Thanks for the great article on the Jamboree games at BU,
    Adam.  The next night, Saturday, the other two games of
    the Jamboree were played in Providence.  The format was
    20 minutes, a 3-minute intermission & switch sides, 10
    minutes, 15-minute intermission and make ice, 10 minutes,
    a 3-minute intermission & switch sides, and finally a
    20-minute period.  Scores:
 
        Merrimack 0                Northeastern 5
        Lowell    5                Providence   7
 
    GAME THREE
 
    Lowell's got a few guys who can make some things happen
    this year, one being Shane Henry, a freshman from Langley,
    B.C. who centers the first line, and he got the game-winner
    just three minutes into the first period when he rammed home
    a rebound of a Dave Gatti shot.  Lowell also has Mark
    Richards, probably one of the top three goalies in Hockey
    East.  Richards played the whole game (well, until 6:05 of
    the third period, anyway - more later) while Merrimack's
    three goalies all saw a period of action.
 
    The Warriors will probably have a lot of trouble when they
    fall behind early, as they did against Lowell.  Saturday,
    they just didn't look very good, and I think part of that was
    allowing Lowell's penchant for cheap shots to draw them
    away from their game plan.  But Merrimack wasn't a team of
    angels, either, and both teams were instigating roughness
    against the other.  Lowell had the better of the scoring
    chances and capitalized five times by the first few minutes
    of the third.  Five different scorers tallied for Lowell:
    Henry, Dave Pensa, Gerry Daley, Brendan Flynn, and Tim
    Smallwood.  But the real story of the game was its mishandling
    by referee Drew Taylor which turned a battle between two
    enemies into a war.
 
    The war culminated at the aforementioned 6:05 of the third period
    mark, when Teal Fowler was partially screening Richards.  Fowler
    whacked the Lowell defender in front of him and then was cross-
    checked in the back of the head by Richards.  That touched off
    several minutes of fighting that involved all players on the ice
    except Merrimack goalie Yannick Gosselin.  Fortunately, the
    benches did not clear.  The end result was the ejections
    of Lowell's Richards and Travis Tucker and Merrimack's
    Fowler and Doug Greschuk.  Even though the game was an exhibition,
    all four will have to sit for their teams' first games this
    Friday, when Lowell hosts Colgate and Merrimack hosts Alabama-
    Huntsville.  The loss of Richards is the biggest to either team.
 
    Four other Chiefs (Stevens, Erickson, Pensa, Bazin) and three
    Warriors (Hentges, Naylor, Dooley) received ten-minute misconducts,
    but the game was over for all intents and purposes anyway.

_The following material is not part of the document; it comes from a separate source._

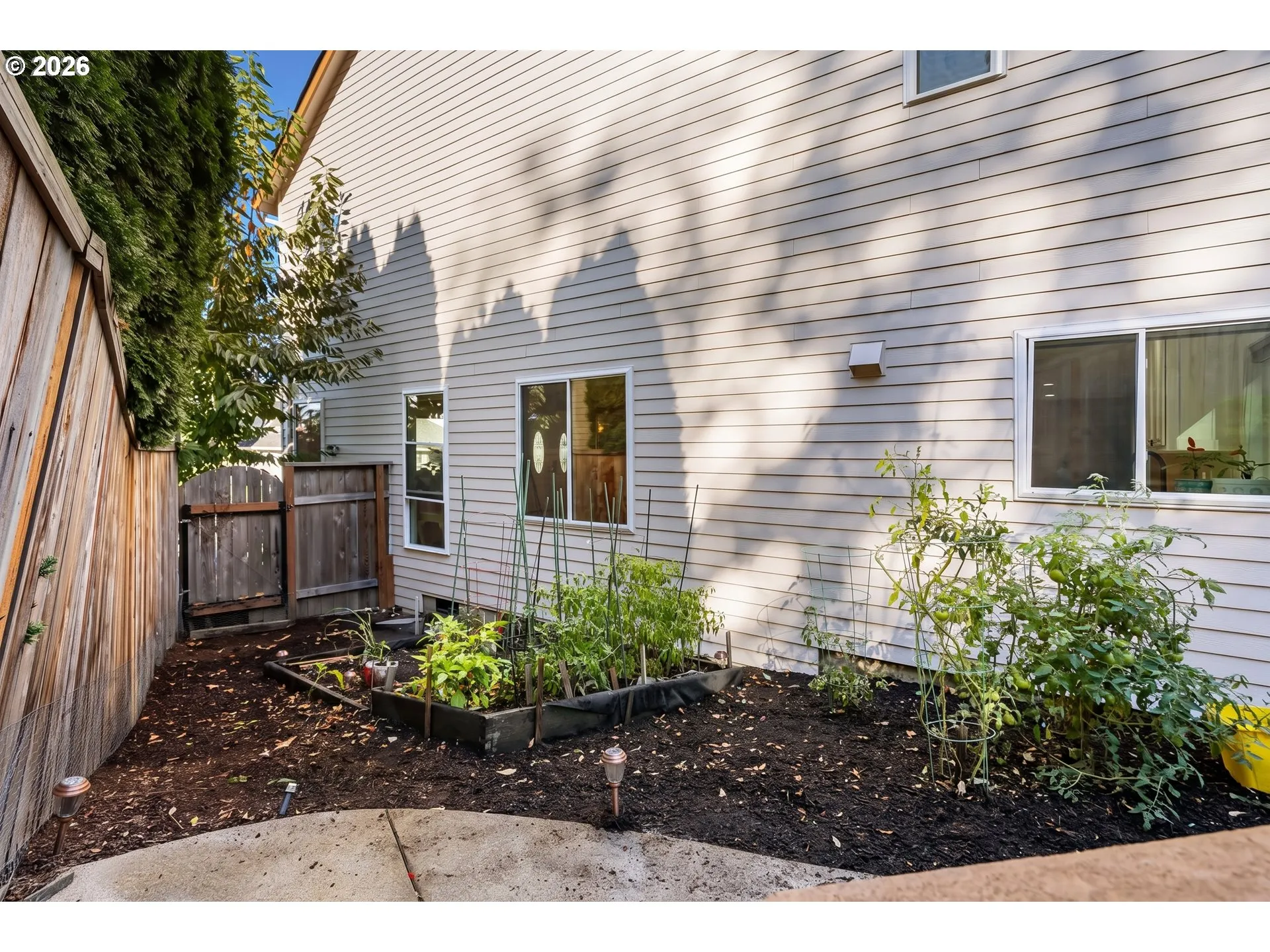 Backyard-Fenced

    Lowell had the edge in shots, 36-28, and the Chiefs got two
    goals each off of Merrimack netminders Gosselin and D'Amore, and
    one off of Doneghey.
 
    At this point of the season, I'd have to say that Lowell seems to
    be much farther along than Merrimack is.  But the Warriors also
    didn't play with any discipline, something that has to change
    once the season starts.
 
    GAME FOUR
 
    I only saw the first period of this game before I had to
    leave.  Northeastern has a freshman, Derek Edgerly from
    Stoneham, MA, centering junior Matt Saunders and senior
    Brian Sullivan on the first line, and from early looks the
    kid isn't too bad.  A large part of where Northeastern goes
    will depend on how many scoring opportunities Saunders and
    Sullivan, who combined for 43-42-85 last year, will get.
 
    The Huskies looked pretty good in the first period, though they
    got some help from an inexperienced Providence team that is also
    missing Mike Boback until December.  With the departure of strong
    goaltending tandem Matt Merten and Mark Romaine, the mantle has
    passed to inexperienced sophomore Brad Mullahy (1-2, 3.77 in 5
    games last year), and he didn't look too good in the first in
    allowing the Huskies to take a 3-0 lead.  Northeastern's first
    goal came a couple of minutes into the game on a 100-footer by
    Rob Cowie from his side of the red line.
 
    So, we left after the first with NU up 3-0, and WCCM's Dan Roche
    said that he was surprised at how well the Huskies looked - and
    I told him that knowing the Huskies, they'd probably play just as
    badly in the second.
 
    Bang!  By the time we made it to the car, it was 3-3, and before
    we got onto route 95 in Providence, it was 5-4 Huskies.  Six goals
    in less than ten minutes of play.  At this time, the Providence
    College station faded out, and I picked up the paper the next day
    to find that Providence had scored the last three goals of the game
    and won, 7-5.
 
    As I posted last Friday, the two games played at BU will be on
    NESN here Tuesday night (7 & 9 pm) and the two at PC will be on
    NESN Wednesday night (7 & 9 pm).
 
 
    - mike
 
    p.s. thanks to the people out West for the scores!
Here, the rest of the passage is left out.